黒字倒産はなぜ起きるのか——利益が出ているのに資金が回らない構造

決算書では黒字なのに、なぜか資金が回らない。黒字倒産が起きるメカニズムと、経営者が今日から確認すべきポイントを解説します。

決算書では黒字なのに、なぜか資金が回らない。黒字倒産が起きるメカニズムと、経営者が今日から確認すべきポイントを解説します。

「決算書では黒字なのに、なぜかお金が足りない」

この矛盾に苦しんでいる経営者は、決して少なくありません。東京商工リサーチの調査によれば、倒産企業のうち約半数は直前期が黒字だったというデータがあります。利益が出ているのに会社が潰れる。これが「黒字倒産」と呼ばれる現象です。

一方で、中小企業庁の調査では約2割の中小企業が赤字体質から抜け出せないとされていますが、実は黒字の会社にも同じリスクが潜んでいます。利益の有無と、手元資金の有無は、まったく別の話だからです。

今回は、黒字倒産が起きるメカニズムを3つのポイントに整理してお伝えします。

ポイント1:利益と現金は「別のもの」

まず押さえておきたいのは、決算書の「利益」と銀行口座の「残高」はイコールではないということです。

たとえば、3月に1,000万円の売上を計上したとします。決算書にはこの1,000万円が売上として載ります。しかし、取引先からの入金が5月末だった場合、3月時点で手元にお金はありません。一方で、仕入代金や人件費は毎月出ていきます。
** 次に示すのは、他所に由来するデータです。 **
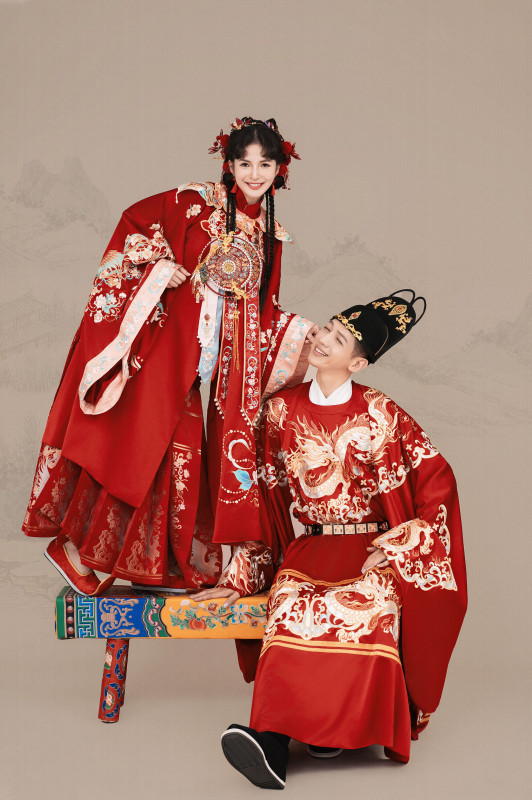 台中婚紗推薦,桃園婚紗推薦,中式婚紗,漢服婚紗,華納婚紗攝影棚內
決算書上は「黒字」でも、実際にお金が入ってくるまでの間に支払いが重なれば、資金ショートが起きます。これが黒字倒産の最も基本的な構造です。

利益は「計算上の数字」であり、現金は「実際に動くお金」。この2つを混同してしまうと、足元の危機に気づけません。

ポイント2:売上の成長がかえって資金を圧迫する

意外に思われるかもしれませんが、売上が急に伸びたときこそ資金繰りは苦しくなります。
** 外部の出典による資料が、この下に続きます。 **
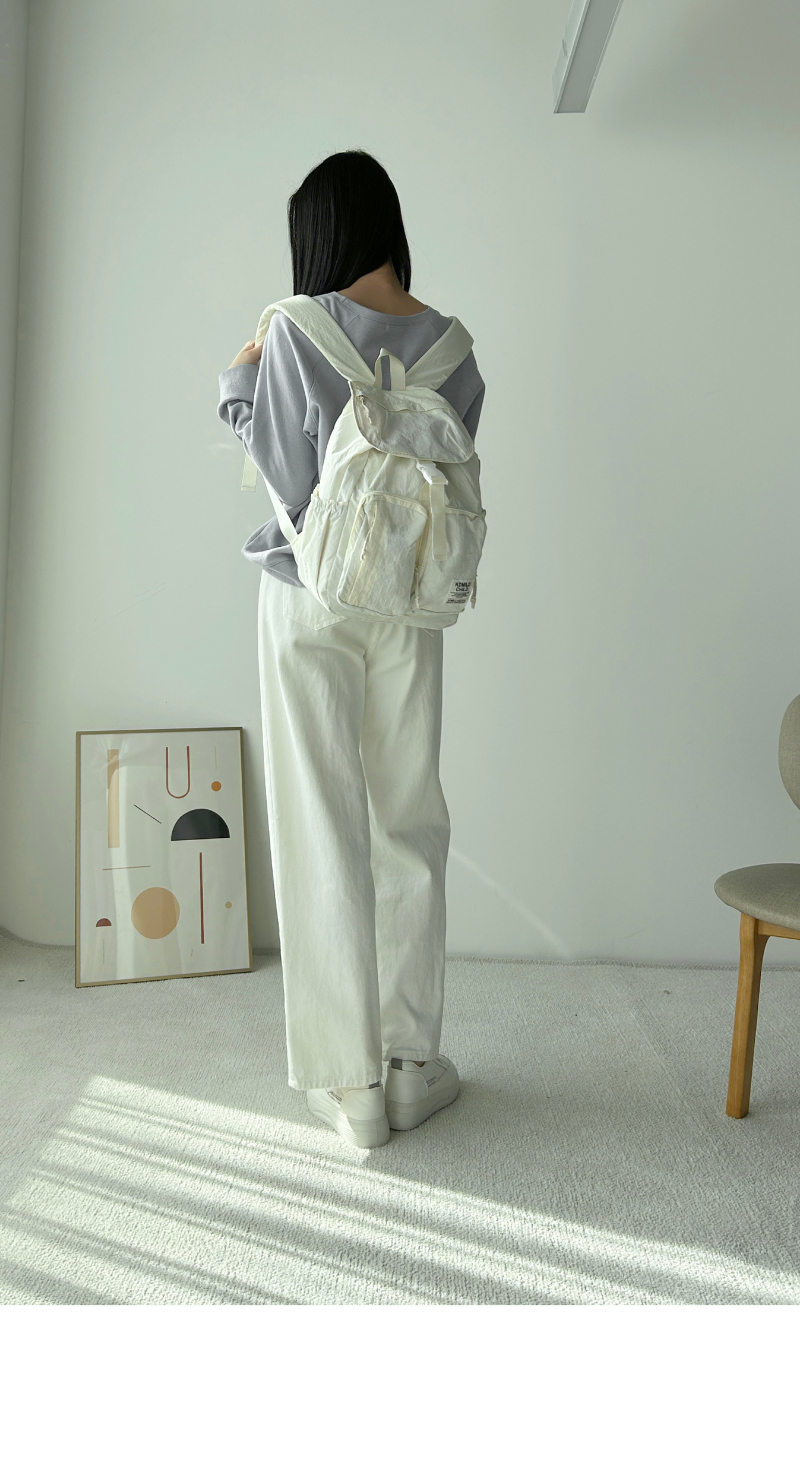 가방 모델 착용 이미지-S1L8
売上が増えれば、仕入れや外注費も増えます。人を雇えば人件費が先に出ていきます。しかし、売上の入金は1か月後、2か月後。支出は先に膨らみ、入金は後からついてくる。この時間差が、成長期の会社を追い詰めます。

特に危ないのは、大型案件を受注したときです。材料費や外注費を先行投資として支払う必要がある一方、入金は納品後になるケースが多い。受注が増えれば増えるほど、先行投資の金額も膨らみ、手元資金が枯渇するという皮肉な状況に陥ります。

「売上が伸びているから大丈夫」という安心感が、かえって危機への感度を鈍らせるのです。

ポイント3:在庫と売掛金に現金が「眠っている」

もうひとつ見落とされがちなのが、在庫と売掛金に資金が固定されているという問題です。

倉庫に積み上がった在庫は、決算書上は「資産」です。しかし、売れるまでは現金に変わりません。仕入れにお金を使っているのに、それが商品として棚に並んでいるだけでは、支払いの足しにはなりません。

売掛金も同様です。帳簿上は「資産」ですが、入金されるまでは使えないお金です。取引先の支払いが遅れれば、さらに状況は悪化します。

つまり、資産が多くても現金が少ないという状態が、黒字倒産の温床になります。在庫の回転日数や売掛金の回収日数を定期的に確認し、お金が「眠っている」場所を把握しておくことが重要です。

明日から始められること

黒字倒産を防ぐために、まず取り組んでいただきたいことが3つあります。

1つ目は、「利益」ではなく「現金残高」を毎週確認する習慣をつけることです。 月次の試算表だけでなく、週に一度は通帳やネットバンキングで実際の残高を確認してください。「今月末にいくら残るか」を常に意識するだけで、判断の精度が変わります。

2つ目は、入金と出金のタイミングを一覧にすることです。 向こう3か月分の入金予定日と支払予定日を、スプレッドシートに並べてみてください。どの週に資金が薄くなるかが一目でわかります。予兆を早くつかめれば、金融機関への相談や支払い条件の交渉も余裕を持って進められます。

3つ目は、在庫と売掛金の「滞留」を点検することです。 3か月以上動いていない在庫はないか。入金が60日を超えている取引先はないか。この2点を確認するだけでも、資金が固定されている箇所が見えてきます。

黒字倒産は、突然起きるものではありません。日々のお金の流れの中に、必ず予兆があります。決算書の数字だけでなく、実際の現金の動きに目を向けること。それが、会社を守る最も確実な方法です。

※ 本記事は一般的な情報提供を目的としており、個別の法的・財務的・経営的助言ではありません。具体的な課題については専門家にご相談ください。